#### What is required:
In the records below, the lines between the one holding "Image of John" and the one holding "Landmark view in Hostal MiMi Las Ramblas", inclusive, are to be transcribed exactly; no pictures are to be included.
Entries supplied: Begin
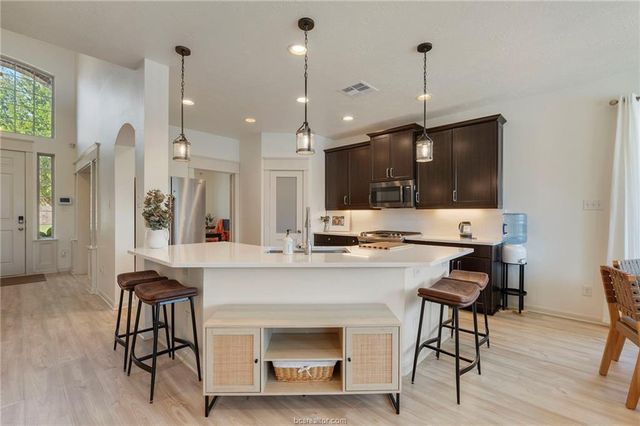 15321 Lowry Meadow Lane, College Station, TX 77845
Entries supplied: End
Entries supplied: Begin
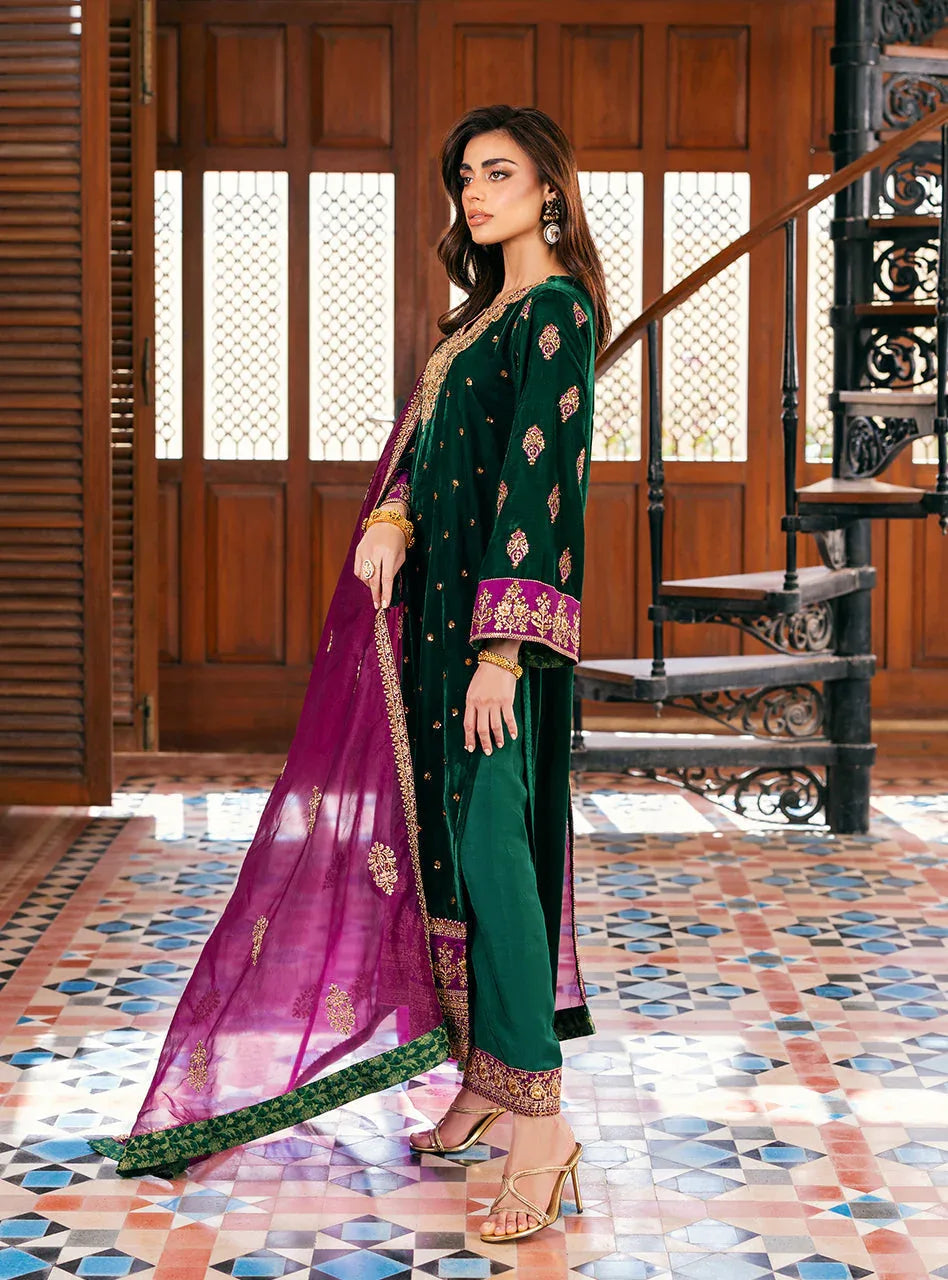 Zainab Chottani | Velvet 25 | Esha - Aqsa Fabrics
Entries supplied: End
Entries supplied: Begin
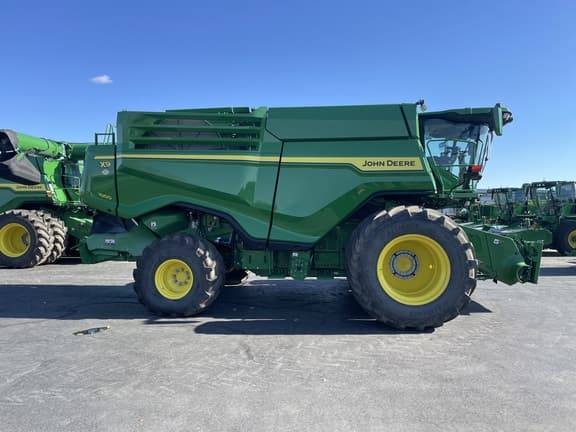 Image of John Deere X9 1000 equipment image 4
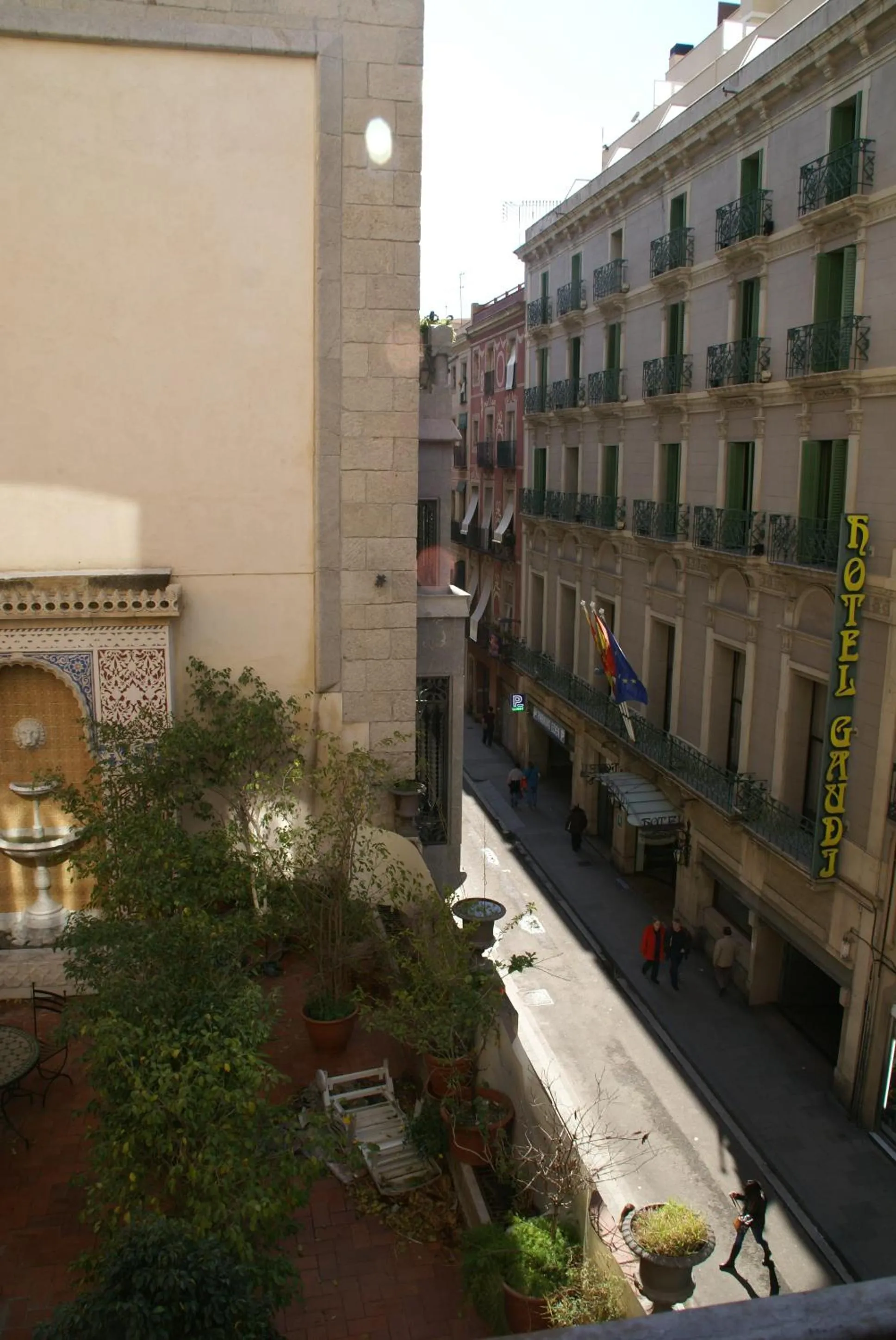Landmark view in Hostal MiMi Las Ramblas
Entries supplied: End
#### Your response:
 Image of John Deere X9 1000 equipment image 4
Landmark view in Hostal MiMi Las Ramblas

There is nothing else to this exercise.